После первых же фраз розовые глаза Цобеля загорелись благородным огнем, он снова казался себе благодетелем футболистов, которым по доброте душевной сообщает важную и спасительную новость.
Майор Викингер потребовал, чтобы Цобель повторил приказ: он внимательно смотрел на русских, и ему показалось, что они не вполне оценили важность этой меры. Вторично Цобель изложил все с еще большим подъемом: теперь он и сам посчитал бы злоумышленником всякого, кто усомнился бы в гуманности и разумности приказа.
Лица футболистов и теперь хранили тупое, на взгляд Викингера, спокойствие, угрюмое, с оттенком удивления и недоверия.
Немцы чего-то ждали.
– Нам что же, благодарить полагается? – спросил Соколовский. – Спасибо, что ли, сказать?
– О нет! – великодушно воскликнул Цобель. – Нет спасибо! Надо послюшничество… – Он порылся в памяти: – Послюшный быть… Вот. – Футболисты молчали, и растроганный тем, как просто все уладилось, Цобель похвалил их: – Вы хорошо играл… Мальшик немношечко… это… zu viel смелый…
– Может, не стоит играть, пан Цобель? – прервал его Скачко. – Зачем еще играть? Объявите, что мы проиграли, – и конец, и все по домам. Чего церемониться! Если играть, так ведь чего не случится: мяч круглый.
– Это плохой шпас… Шютка, как это русски говорить, – предупредил Цобель. – Надо играть, и надо проиграть. – И он добавил по-немецки: – Das ist die höchste Kunst eines Sportlers! [38]
Немцы ушли.
В углу стоял на подгибающихся ногах Седой.
На сердца футболистов легла новая тяжесть, и было неясно, чем все это кончится. Пугают, чтобы сломить дух, подавить сопротивление, или готовы и на такое, на расправу, за свое поражение?
Соколовский опустил руку на плечо Рязанцева. Хотя в эту минуту стерлись все различия между ними, но справедливость оставалась справедливостью; надевая бутсы, Рязанцев и не предполагал такого. Не лагерные вышки оставил он за плечами, а дом и семью.
– Вот что, Евгений Викторович, – сказал Соколовский, – такого уговора не было, слыхали, как дело оборачивается? – Он тяжело посмотрел на закрытую дверь, потом на товарищей. Вспомнил жену Рязанцева и двух его сыновей. – В этих обстоятельствах, пожалуй, не надо испытывать судьбу, Евгений Викторович! Если проигрывать, то вдесятером даже легче и оправдаться проще: все-таки вдесятером.
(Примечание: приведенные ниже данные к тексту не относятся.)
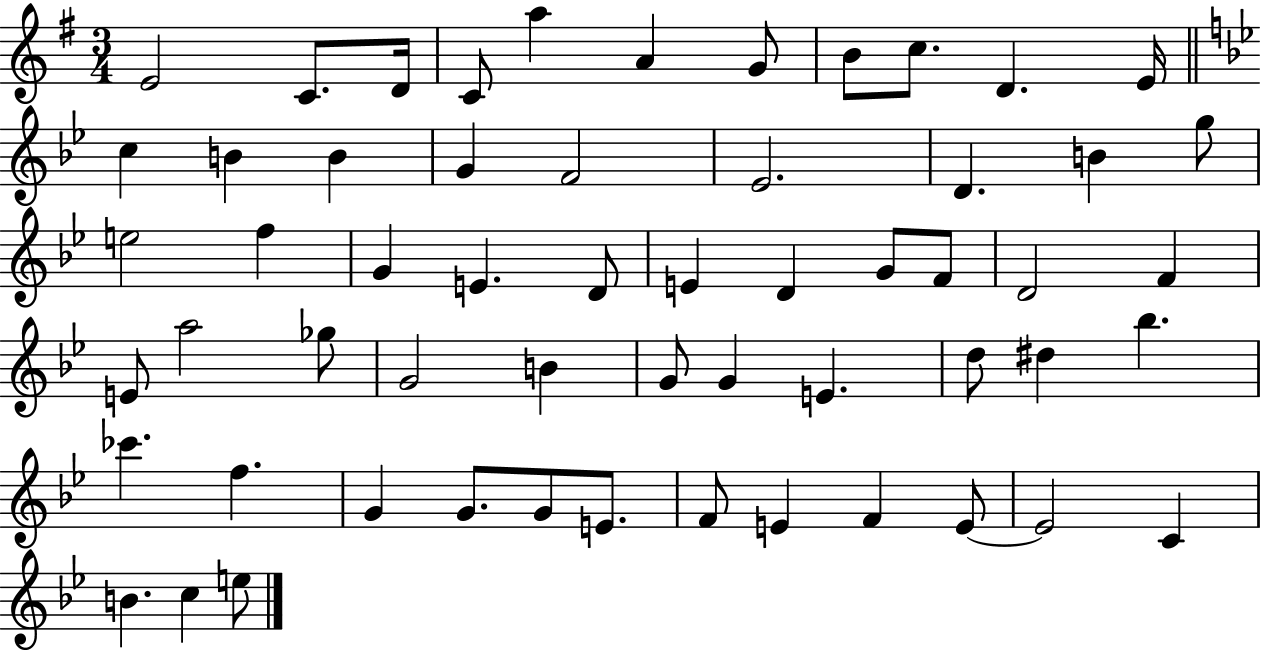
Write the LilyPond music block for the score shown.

Рязанцев выпрямился и необутой ногой придвинул к себе вторую бутсу Павлика. Он поставил худую ногу на скамью, надел бутсу и начал шнуровать ее резкими, уверенными движениями.
23
Ветер гнал над городом несомкнутые облака. Они двигались двумя ярусами: нижние проносились куда стремительнее, бросая на землю непрочную тень, верхние же казались медлительными, они истаивали, расползаясь на тончайшие волокна. Дул низовой, северный ветер.
Хотя люди и не следили за бегом облаков, смена солнца и быстротекущей тени вносила тревогу и предчувствие недоброго. Похоже было, что поезд, набитый тысячами людей, несется в неведомое, к беде, мимо исполинских деревьев, которые то закрывают от людей солнце, то подставляют их слепящим лучам.
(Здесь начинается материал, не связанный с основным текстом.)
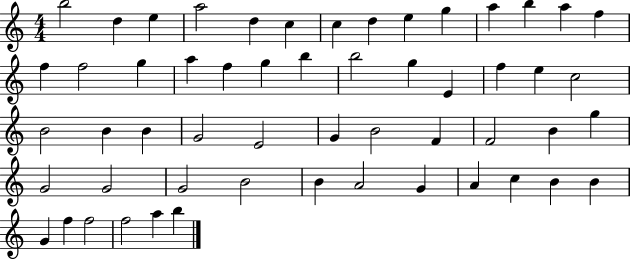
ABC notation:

X:1
T:Untitled
M:4/4
L:1/4
K:C
b2 d e a2 d c c d e g a b a f f f2 g a f g b b2 g E f e c2 B2 B B G2 E2 G B2 F F2 B g G2 G2 G2 B2 B A2 G A c B B G f f2 f2 a b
Тишина такая, что каждый удар по мячу слышен на самых дальних скамьях. Немцы на трибунах уже знали о приказе коменданта. Слух этот разнесли офицеры, свидетели того, как комендант распекал, durch den Kakao gezogen [39] Цобеля.
На восточные трибуны новость принес Грачев: он узнал о приказе от Павлика, которого товарищи на руках вынесли к воротам Николая Дугина.
Беспокоясь о Рязанцеве, который все не возвращался, Валя и сыновья искали его сутулую фигуру среди запоздавших к началу второго тайма, но Валя заметила, что люди, сидящие ближе к краю трибуны, чем-то взволнованы, и безотчетное предчувствие несчастья охватило ее. Что могло случиться? О чем они перешептываются и переспрашивают, будто не веря, и мрачнеют на глазах? Какое горестное известие пришло на трибуны, медленно расползаясь во все стороны и заставляя людей сжимать кулаки?
«Боже мой, почему не идет Женя?» – уже со страхом думала Валя, поминутно привставая.
– Где отец? Где он, мальчики? – подняла она с мест и сыновей. – Я плохо вижу, что-то у меня с глазами… Ищите его!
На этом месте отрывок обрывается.